National Slow Down Day: gardaí are targeting 1,000 locations with speed cameras today. Photograph: Getty

 

Drivers were caught speeding at a rate of almost one every three minutes during a country-wide Garda operation to warn motorists to slow down.

Some 255 vehicles were detected travelling in excess of the speed limits between 7am and 7pm on Friday as part of National Slow Down Day.

The widespread deployment of roads-policing gardaí targeting about 1,000 locations nationally with speed cameras runs for 24 hours. Final figures will be available on Saturday.

The top speed detected on the first day of the crackdown was on the M1 at Lusk, in north Co Dublin, where a motorist was caught doing 181km/h on the 120km/h motorway.

Some of the other speeds detected by the GoSafe vans fitted with speed cameras on Friday morning included:

– 151 km/h in a 100 km/h zone at Gort na gCros in Mallow, Co Cork;
– 138km/h in a 80km/h zone on the R675 at Ballykinsella in Co Waterford;
– and 119km/h in a 100km/h zone on the N15 in Co Donegal.

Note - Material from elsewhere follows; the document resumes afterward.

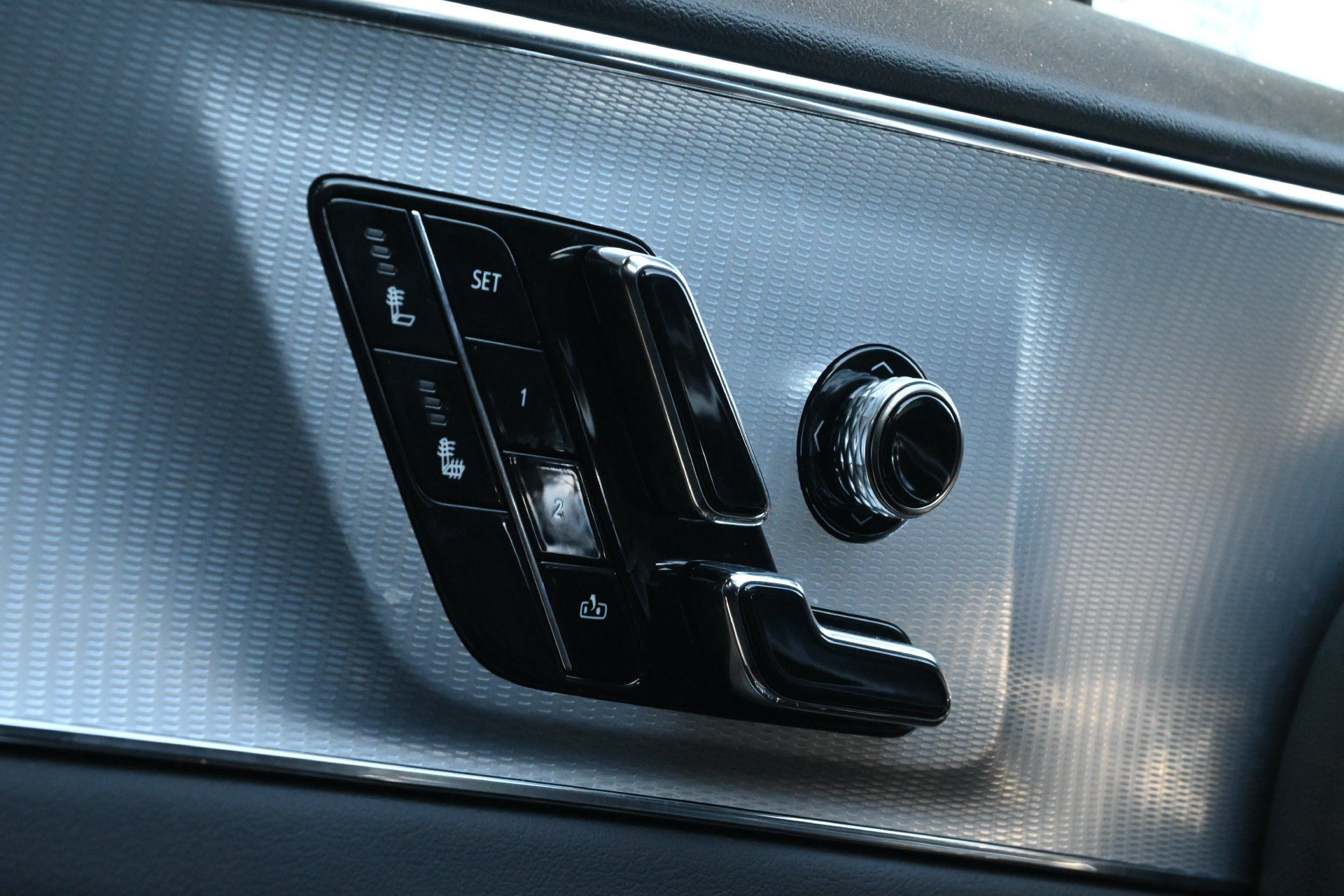 Used 2024 Cadillac Lyriq Tech RWD image 16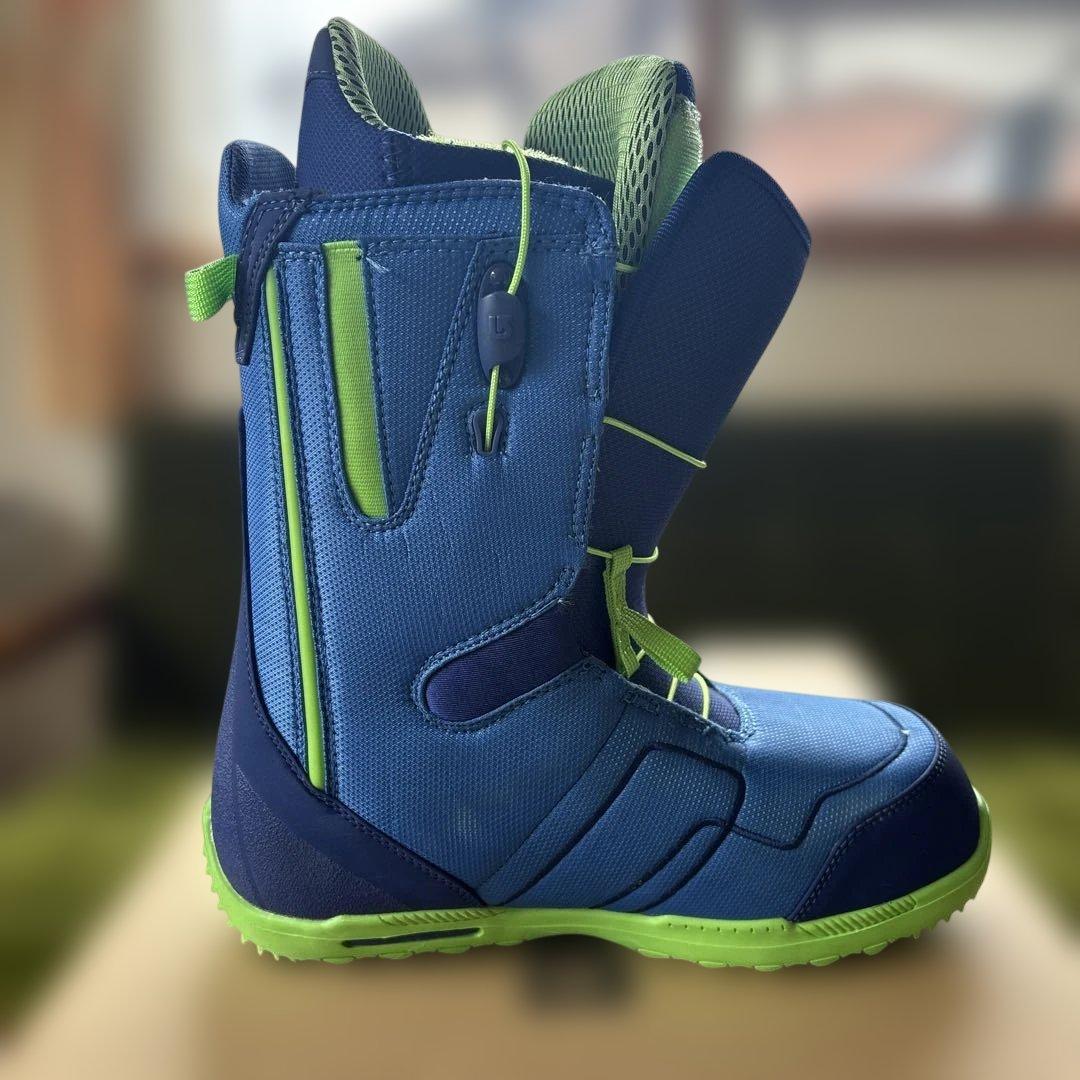 スノーボードブーツ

As well as the increased speed-detection measures, the Garda and Road Safety Authority are also running a media campaign to urge drivers to slow down.

Excessive speed is a factor in approximately one-third of fatal road traffic collisions. As a general rule, a 1 per cent reduction in average speed will see a 4 per cent reduction in fatal collisions, gardaí­ said.

As of October 16th this year, there have been 117 road fatalities, an increase of five on this date last year.

A total of 95,998 speeding detections have been made between January and August 2019, some 15 per cent higher than the 81,598 detections made during the same period last year.

Chief Superintendent Paul Cleary from the Roads Policing Bureau said the day was important because “roads deaths are significantly higher than this period last year”.

“With the darker, wetter weather approaching, vulnerable road users such as pedestrians, cyclists and motorcyclists will be at higher risk over the coming months,” he said.

“While most drivers abide by the speed limits, there has been an increase of 15 per cent in detections to date in 2019 compared to 2018. It is also very disappointing to see some drivers detected driving considerably over the speed limit,” he added.

Moyagh Murdock, chief executive of Road Safety Authority said, “excessive and inappropriate speeding is the biggest killer” on Irish roads.

“What a driver considers small increases in their speed could be the difference between life and death for such vulnerable road users,” Ms Murdoch said.

“A pedestrian or cyclist hit by at 60km/h will only have a 1 in 10 chance of survival, however if hit at 30km/h, 9 out of 10 will survive.This is especially true in vulnerable road-user rich environments like towns and cities.”